De manera tal que hacer lo posible (o imposible), lo inteligente o lo ridículo (más bien el ridículo) para lograrlo; es permitido y se comprende o justifica, en tanto se sabe que es para adquirir el valor justo de ser aceptado y conocido socialmente, porque los otros me dan existencia. En otro momento, por la noche, en una esquina, se ha enredado un joven estudiante en una rama en una acera, y producto del tropiezo ha caído de bruces. Se intentó socorrerle, pero él se levantó con otra preocupación en mente; y nos dice que si ha tenido una cámara lo hubiera filmado para sacarlo en Facebook. No reparando si se había lastimado, no era trascendente el daño que se hubiere hecho, sino el que no fue posible capturar ese momento supremo para subirlo a las redes. Y así se fue lamentando de no haberlo podido filmar. Hemos llegado a una etapa en la evolución, o involución, de esta sociedad y cultura en donde nada de lo que hacemos o somos existe sin esta no es conocida y reflejada en las redes.

Debiendo ser el morbo de la sociedad en las redes la que sea testigo, conocedor y dictaminador de lo que hacemos o no para que esto será considerado y valorado de importancia o “existente”. Así las redes son “creadoras” y “dios” en el ser humano de estas últimas generaciones, o mi inexistencia como persona. Refiriéndose a esto, en el otro lado del mundo, Italia, el escritor Umberto Eco escribió una especie de ensayo en el 2010, que se titulaba “Dios es testigo de que soy tonto…”, y procedemos a transcribir parte de este interesante relato: “¿Por qué esta locura, nos preguntábamos? Marías avanzó la hipótesis de que todo lo que sucede deriva del hecho de que los hombres ya no creemos en Dios. Tiempo atrás, los hombres estaban convencidos de que todos sus actos tenían al menos un espectador, que conocía todos sus gestos (y sus pensamientos), y podía comprenderlos y, si hacía falta, condenarlos. Se podía ser un paría, un inútil…pero tenía la sensación de que al menos Uno lo sabía todo de nosotros. “Dios sabe cómo he sufrido”, se decía la abuela enferma y abandonada por sus nietos: “Dios sabe que soy inocente, se consolaba el que había sido condenado de manera injusta: “Dios sabe todo lo que he hecho por ti”, gritaba el amante abandonado; “Solo Dios sabe lo que he pasado”, se lamentaba el desgraciado cuyas desventuras no le importaban a nadie. Dios era siempre invocado como el ojo al que nada escapaba y cuya mirada daba sentido incluso a la vida más gris…”.
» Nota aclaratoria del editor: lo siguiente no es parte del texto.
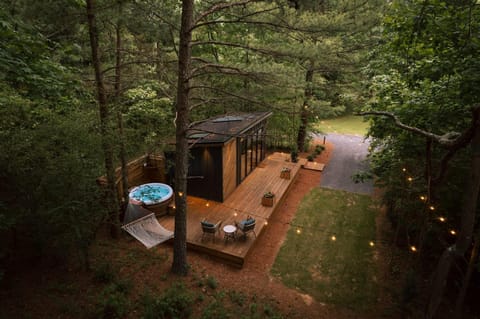 Forest Hideaway Casa in Guntersville Lake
Pero ahí el asunto cuando este ser que nos ama desaparece o deja de existir para nosotros, y le sustituimos: “Una vez desaparecido, apartado este testimonio omnividente ¿Qué nos queda? El ojo de la sociedad, el ojo de los otros, al que hay que mostrarse para no caer en el agujero negro del anonimato, en el vértice del olvido, aún a costa de elegir el papel de tonto del pueblo que baila en calzoncillo sobre la mesa ...”. Evidentemente el morbo es lo que interesa a las redes, y algunos le hemos ubicado como sustituto de Dios ¿Será entonces que nos está faltando una verdadera fe?